# Bored with the gym



## koalaroo (Nov 25, 2011)

I've run. I've swam. I've cycled.

I'm officially bored with the gym. I'm probably not going to re-up my membership. The gym is just an incredibly boring way to exercise, and I can't fucking take the boredom anymore.

So, anyone have any good workout circuits for at home?


----------



## anon1234 (May 15, 2013)

Take classes. Get a hot trainer. Try a sport. Change your scenery. Run outside, there are endless routes and it's a great way to explore. Bike outside. Set a goal (like a mud run or color run). Get friends to join you. Change your playlist. Try high intensity interval training. Increase your intensity/speed/ endurance. 

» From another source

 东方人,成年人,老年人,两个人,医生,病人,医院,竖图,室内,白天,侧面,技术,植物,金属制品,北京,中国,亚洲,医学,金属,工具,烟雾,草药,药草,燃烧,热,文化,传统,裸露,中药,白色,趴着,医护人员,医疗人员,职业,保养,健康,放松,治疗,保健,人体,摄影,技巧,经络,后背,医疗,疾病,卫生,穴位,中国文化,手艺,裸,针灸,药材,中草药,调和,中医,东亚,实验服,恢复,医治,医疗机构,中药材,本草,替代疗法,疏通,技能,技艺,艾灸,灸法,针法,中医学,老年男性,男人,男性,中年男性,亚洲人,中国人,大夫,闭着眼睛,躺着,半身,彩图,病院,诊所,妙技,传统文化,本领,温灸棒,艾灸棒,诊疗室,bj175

Also, why is it boring? Why are you allowing yourself to be bored? I think boredom is a form of anxiety.


----------



## birdsintrees (Aug 20, 2012)

So what's going to be different about doing the same type of exercise at home? Maybe it's time to switch up your routines and find new ways to train your body rather than change venues.


----------



## Zombie Devil Duckie (Apr 11, 2012)




----------



## the_natrix (Aug 10, 2011)

Personally I'm a fan of workout dvds, it really helps motivation when you don't have to devote any mental energy to "what do I do next?". I'm doing p90X3 atm, it works for me and I would recommend it, but there's different strokes for different folks. I might suggest browsing various programs.


----------



## Jetsune Lobos (Apr 23, 2012)

I'm behind jumping on the p90x armband wagon. Tony Horton's severe case of oblivious awkwardness never gets old


----------



## nádej (Feb 27, 2011)

It's getting nice out again - prime time for running/biking outside (always less boring than inside). And kayaking, if you live near water. I mean, those three things are what I'm most excited about with this warmer weather, and are also the reason I only ever have a gym membership in the winter. 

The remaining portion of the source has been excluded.